● Work instruction
Images do not belong in the copy. Set down all the entries exactly.

** Data provided follows **

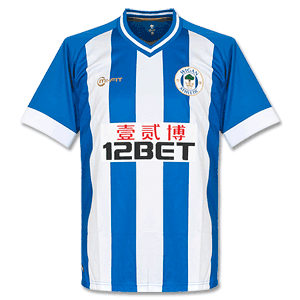 None Wigan Home Shirt 2013 2014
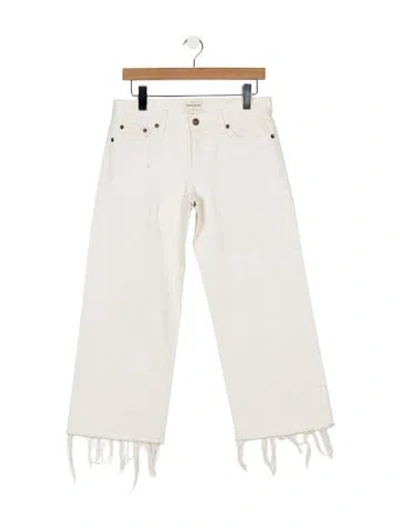 Pre-owned Simon Miller Mid-rise Straight Leg Jeans In White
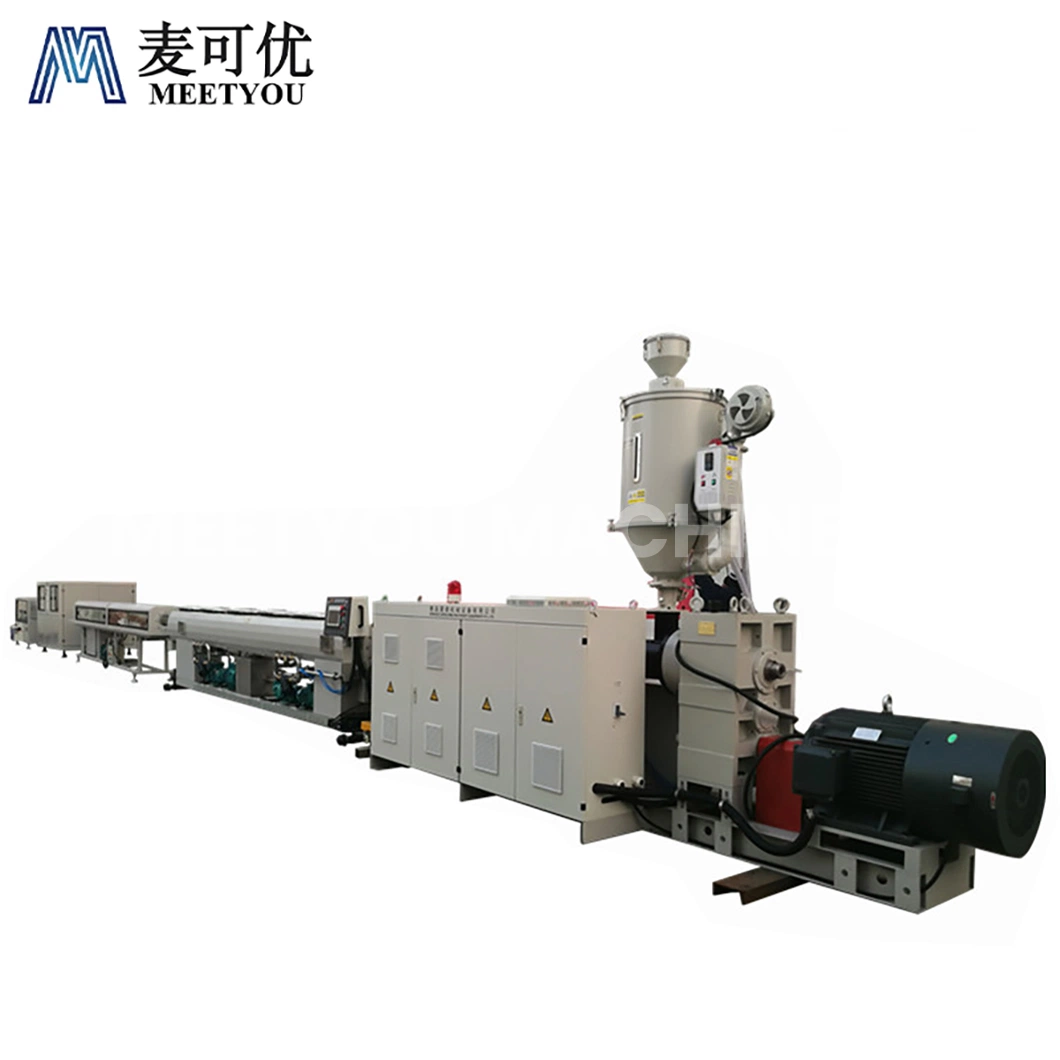 Máquinas Meetyou Plastic Pipe Production Line RCC Pipe Making Machine Fábrica China Madeira-plástico plástico processado rosca dupla extrusão de tubo PE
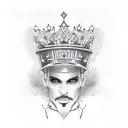 prince crown  tattoo design idea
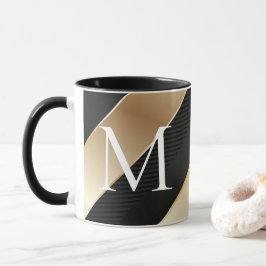 Schwarz-Gold-Tasse Tasse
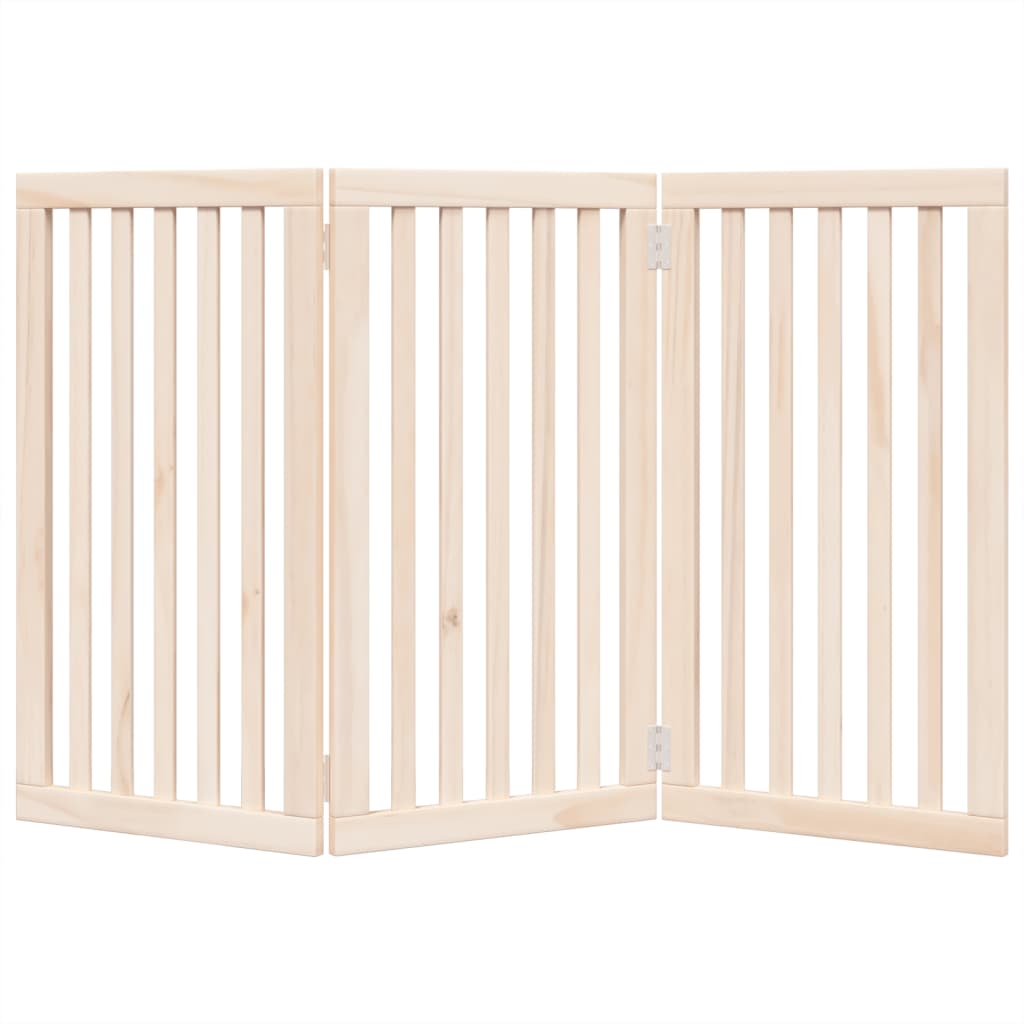 vidaXL Bramka dla psa składana 3 panele 150 cm drewno topolowe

** End of Data provided **

● Response to this task
 None Wigan Home Shirt 2013 2014
 Pre-owned Simon Miller Mid-rise Straight Leg Jeans In White
 Máquinas Meetyou Plastic Pipe Production Line RCC Pipe Making Machine Fábrica China Madeira-plástico plástico processado rosca dupla extrusão de tubo PE
 prince crown  tattoo design idea
 Schwarz-Gold-Tasse Tasse
 vidaXL Bramka dla psa składana 3 panele 150 cm drewno topolowe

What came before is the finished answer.